25years-hello! Kids seem good. My oldest is 21 never brings it up. At one point after H came home I asked if he had forgiven his dad or where he was with it all. He said he forgave him and believes his dad was having some personal struggles. My other son has a disability. Feelings are hard for him to describe but I DO know he is so glad his dad is home. Now my youngest daughter who is a tween I'm not so sure. She felt replaced by OW's daughter and I think has worked through this but I see her not always trusting his stories. It's a work in progress

I can so relate to Denver's post. It's funny how we all seem to be going through the same feelings at the same time in our post crisis situation.

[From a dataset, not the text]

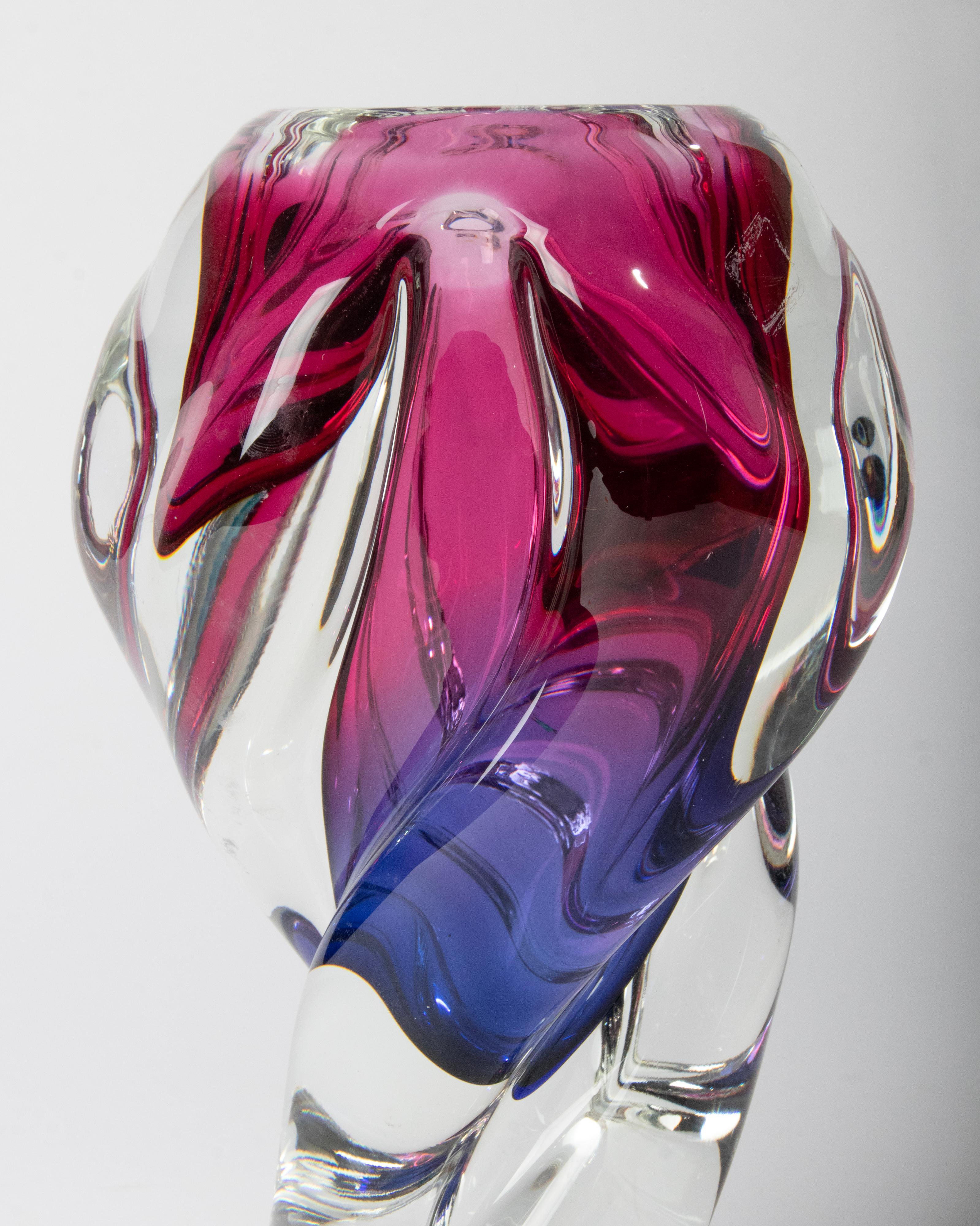 Hand-Crafted Mid Century Modern Murano Art Glass Vase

I too see my mistakes and weaknesses in the marriage. I really work evry day at being the best wife and mother i can.
But I do clearly see a man who really needs to do some hard internal work.

I too put him on a pedestal and blamed myself for everything!! After BD

I was dealing with a man who drank every day and lived basically a double life.

I couldn't stop that.

Anyway. My eyes Are open to him and myself.

I love him and my family. But I sometimes feel like a lot of the burden is on me. Maybe those are expectations I put on myself?! It's hard for me to explain but I feel like my actions are well thought out. Not perfect but with knowing the consequences of not being the best me or wife. He doesn't seem to have that.

He is working hard at the marriage. He is transparent and loving, honest and remorseful. But, more often than not I am surprised at the way he will act or talk to me. They are old habits I know for him. But honestly and I know I will get flamed but I feel he should be working on this. Not wanting to stir up problems. He will apologize. But it's a trigger for me and it takes all I have to walk away as to not start argument. I know he's human and not perfect but really?

Anyway, we are going to marriage retreat again and I am hoping we can talk some about this.

I too like Denver looked at some old fb things about OW and boy it did. No good I feel like I'm still looking for answers. This is hard for me. Help! Can I ask more questions at marriage retreat?

That's all for now. I love responses. Feels good to talk to others that have been where I have. Thank you!